You’ve also done the Lux ad with Meera, Reema and Humaima. Are you the next style and glamour icon?

I’m constantly told that I’m unstarlike and that I don’t have the attitude that it takes to be a star. I’m constantly told I need to be more like Meera or Reema or Iman and I’ve thought about it. I spent a day giving this some serious thought.

And the answer to your question is no. Why can’t I, the next generation of film actors, change the way people think of film stars. That is my responsibility. The reason why we taken for Lux is because we were in a film. That’s it. Even a two-part role makes you a film star and overnight you’re a third world celebrity. It’s stupid. So I thought about it and take it upon myself to change the perception of what a film actress in Pakistan should act like, think like, speak like and dress like.

But I’ve decided every once in a while I’ll turn up in a gown with coiffed up hair and fake eye lashes.

How do you want your fans to perceive you?

I’d rather people were curious about what I have to say rather than what I am wearing. We’re not living in the fifties anymore. We have to come to terms with the fact that stars nowadays will be different. They will not have that enigma about them because there’s no way the media will let them be.

I would like to be true to myself. I’d like to be a role model for the youth so that they can connect with me.

What is the strongest message for you in Bol?

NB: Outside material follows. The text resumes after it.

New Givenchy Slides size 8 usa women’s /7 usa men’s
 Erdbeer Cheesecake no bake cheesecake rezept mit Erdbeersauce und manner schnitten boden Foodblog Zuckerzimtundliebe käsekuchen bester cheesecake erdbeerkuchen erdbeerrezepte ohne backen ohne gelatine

That would have to be stereotypes. My favourite character in the film is the brother and I wish he hadn’t died and that they shown a solution to that problem. But for me the film is about stereotypes.

The biggest message in Bol isn’t women’s rights – it’s far from a feminist film – it’s about killing stereotypes and stopping oppression on a daily basis. It’s a gutsy film.

Was it difficult to act in a gutsy film?

It was difficult to act. Atif and I had it the hardest because we had never read lines before. Even the kids in Bol were theatre actors and experienced. We had to work much harder.

Did the hard work effect your personal life?

Oh yeah, absolutely. I did the film then I took up the serials but after completing them I’ve decided that I won’t take any more serials till October. I want to put Azlan into schedule. I can’t do what someone who is single would be doing.

Is it worth it?

It’s worth it as long as I know my child isn’t suffering which I don’t think he is. There are days when I go back and I know he needed me and I wasn’t there. When you work for more than eight hours a day you return and get the ‘silent treatment’. They look at you different.

Is it just the child or the husband too?

Of course it’s the husband as well. They can be much more difficult than children.

A man is a man is a man. But because he’s the creative type he has his own dreams and he understands mine. And we’ve been together since I was 14 and he was 16. He understands me.